Repeat each line of the material word for word.

▼

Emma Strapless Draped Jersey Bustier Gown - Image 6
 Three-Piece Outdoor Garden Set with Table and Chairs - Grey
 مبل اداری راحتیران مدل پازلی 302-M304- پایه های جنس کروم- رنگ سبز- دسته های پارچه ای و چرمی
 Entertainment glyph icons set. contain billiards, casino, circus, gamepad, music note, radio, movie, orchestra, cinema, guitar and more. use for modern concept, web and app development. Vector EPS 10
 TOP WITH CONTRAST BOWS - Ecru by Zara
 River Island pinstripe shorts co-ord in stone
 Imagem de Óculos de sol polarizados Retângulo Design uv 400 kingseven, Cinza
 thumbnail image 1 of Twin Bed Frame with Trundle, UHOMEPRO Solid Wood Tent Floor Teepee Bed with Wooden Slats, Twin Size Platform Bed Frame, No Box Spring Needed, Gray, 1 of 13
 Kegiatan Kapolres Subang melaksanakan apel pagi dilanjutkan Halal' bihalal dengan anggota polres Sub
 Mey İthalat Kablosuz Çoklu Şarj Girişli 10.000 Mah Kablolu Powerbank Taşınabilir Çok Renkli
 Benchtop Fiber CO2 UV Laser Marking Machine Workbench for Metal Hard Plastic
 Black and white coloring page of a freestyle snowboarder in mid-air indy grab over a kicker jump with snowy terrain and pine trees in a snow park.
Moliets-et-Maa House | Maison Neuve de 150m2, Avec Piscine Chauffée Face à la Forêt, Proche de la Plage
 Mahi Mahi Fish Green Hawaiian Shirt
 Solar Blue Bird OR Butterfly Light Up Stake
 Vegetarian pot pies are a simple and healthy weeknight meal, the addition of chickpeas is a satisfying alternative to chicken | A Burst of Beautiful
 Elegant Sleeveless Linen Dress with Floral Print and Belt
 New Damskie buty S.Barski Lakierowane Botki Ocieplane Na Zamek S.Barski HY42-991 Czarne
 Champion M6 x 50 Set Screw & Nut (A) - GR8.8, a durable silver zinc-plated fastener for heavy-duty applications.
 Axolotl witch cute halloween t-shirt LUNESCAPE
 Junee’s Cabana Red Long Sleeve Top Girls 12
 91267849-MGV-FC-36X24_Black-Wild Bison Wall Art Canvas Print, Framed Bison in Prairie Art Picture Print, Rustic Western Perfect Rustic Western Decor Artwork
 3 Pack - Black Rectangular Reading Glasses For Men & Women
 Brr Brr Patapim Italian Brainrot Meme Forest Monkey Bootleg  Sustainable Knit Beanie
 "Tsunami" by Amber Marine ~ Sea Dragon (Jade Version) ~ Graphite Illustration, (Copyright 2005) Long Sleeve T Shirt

▲

**Your response**
Emma Strapless Draped Jersey Bustier Gown - Image 6
 Three-Piece Outdoor Garden Set with Table and Chairs - Grey
 مبل اداری راحتیران مدل پازلی 302-M304- پایه های جنس کروم- رنگ سبز- دسته های پارچه ای و چرمی
 Entertainment glyph icons set. contain billiards, casino, circus, gamepad, music note, radio, movie, orchestra, cinema, guitar and more. use for modern concept, web and app development. Vector EPS 10
 TOP WITH CONTRAST BOWS - Ecru by Zara
 River Island pinstripe shorts co-ord in stone
 Imagem de Óculos de sol polarizados Retângulo Design uv 400 kingseven, Cinza
 thumbnail image 1 of Twin Bed Frame with Trundle, UHOMEPRO Solid Wood Tent Floor Teepee Bed with Wooden Slats, Twin Size Platform Bed Frame, No Box Spring Needed, Gray, 1 of 13
 Kegiatan Kapolres Subang melaksanakan apel pagi dilanjutkan Halal' bihalal dengan anggota polres Sub
 Mey İthalat Kablosuz Çoklu Şarj Girişli 10.000 Mah Kablolu Powerbank Taşınabilir Çok Renkli
 Benchtop Fiber CO2 UV Laser Marking Machine Workbench for Metal Hard Plastic
 Black and white coloring page of a freestyle snowboarder in mid-air indy grab over a kicker jump with snowy terrain and pine trees in a snow park.
Moliets-et-Maa House | Maison Neuve de 150m2, Avec Piscine Chauffée Face à la Forêt, Proche de la Plage
 Mahi Mahi Fish Green Hawaiian Shirt
 Solar Blue Bird OR Butterfly Light Up Stake
 Vegetarian pot pies are a simple and healthy weeknight meal, the addition of chickpeas is a satisfying alternative to chicken | A Burst of Beautiful
 Elegant Sleeveless Linen Dress with Floral Print and Belt
 New Damskie buty S.Barski Lakierowane Botki Ocieplane Na Zamek S.Barski HY42-991 Czarne
 Champion M6 x 50 Set Screw & Nut (A) - GR8.8, a durable silver zinc-plated fastener for heavy-duty applications.
 Axolotl witch cute halloween t-shirt LUNESCAPE
 Junee’s Cabana Red Long Sleeve Top Girls 12
 91267849-MGV-FC-36X24_Black-Wild Bison Wall Art Canvas Print, Framed Bison in Prairie Art Picture Print, Rustic Western Perfect Rustic Western Decor Artwork
 3 Pack - Black Rectangular Reading Glasses For Men & Women
 Brr Brr Patapim Italian Brainrot Meme Forest Monkey Bootleg  Sustainable Knit Beanie
 "Tsunami" by Amber Marine ~ Sea Dragon (Jade Version) ~ Graphite Illustration, (Copyright 2005) Long Sleeve T Shirt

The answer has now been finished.